> Your instructions
Transcribe the listing in full, excluding any pictures.

> Data provided
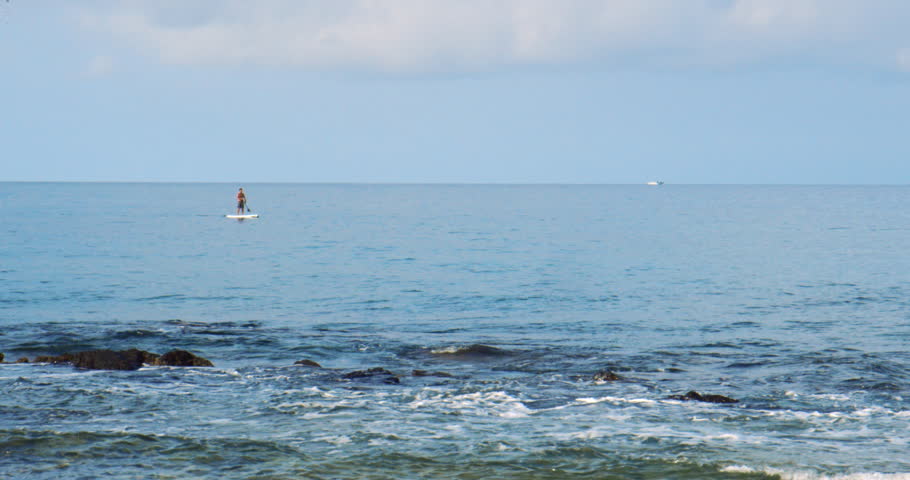 Paddleboarder Paddling In Ocean, Waimeia, Hawaii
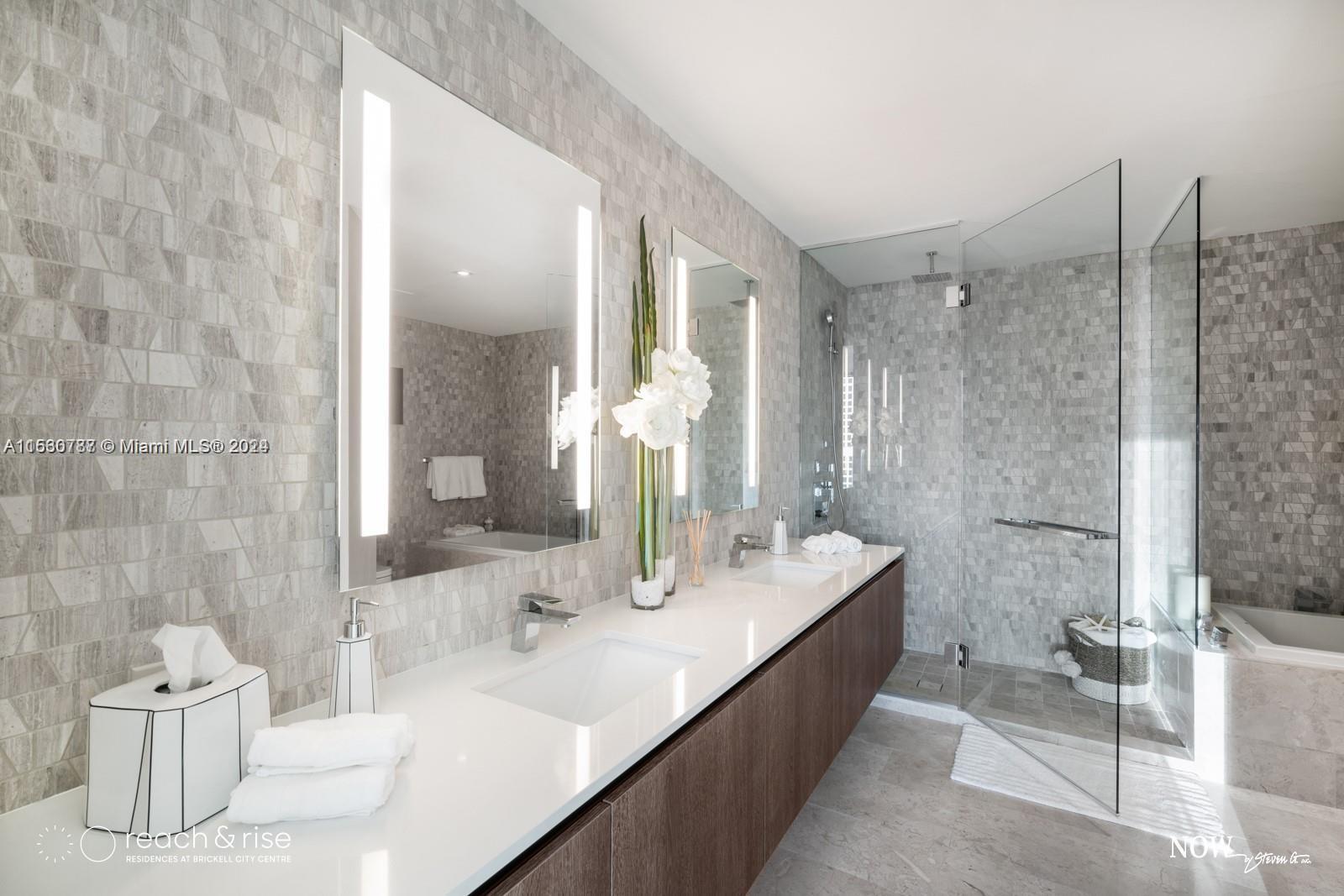 88 Southwest 7th Street, Unit 1403 Miami, FL 33130 - Photo 10 of 15 a bathroom with a double vanity sink mirror and bathtub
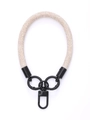 Detailed view of beige braided wrist strap with black metal clips for mobile phone cases - Sand Ginger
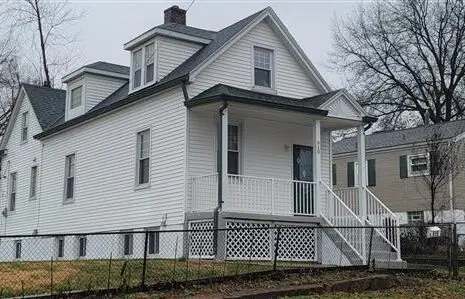 White two-story home with dormers and a front porch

> Answer space
 Paddleboarder Paddling In Ocean, Waimeia, Hawaii
 88 Southwest 7th Street, Unit 1403 Miami, FL 33130 - Photo 10 of 15 a bathroom with a double vanity sink mirror and bathtub
 Detailed view of beige braided wrist strap with black metal clips for mobile phone cases - Sand Ginger
 White two-story home with dormers and a front porch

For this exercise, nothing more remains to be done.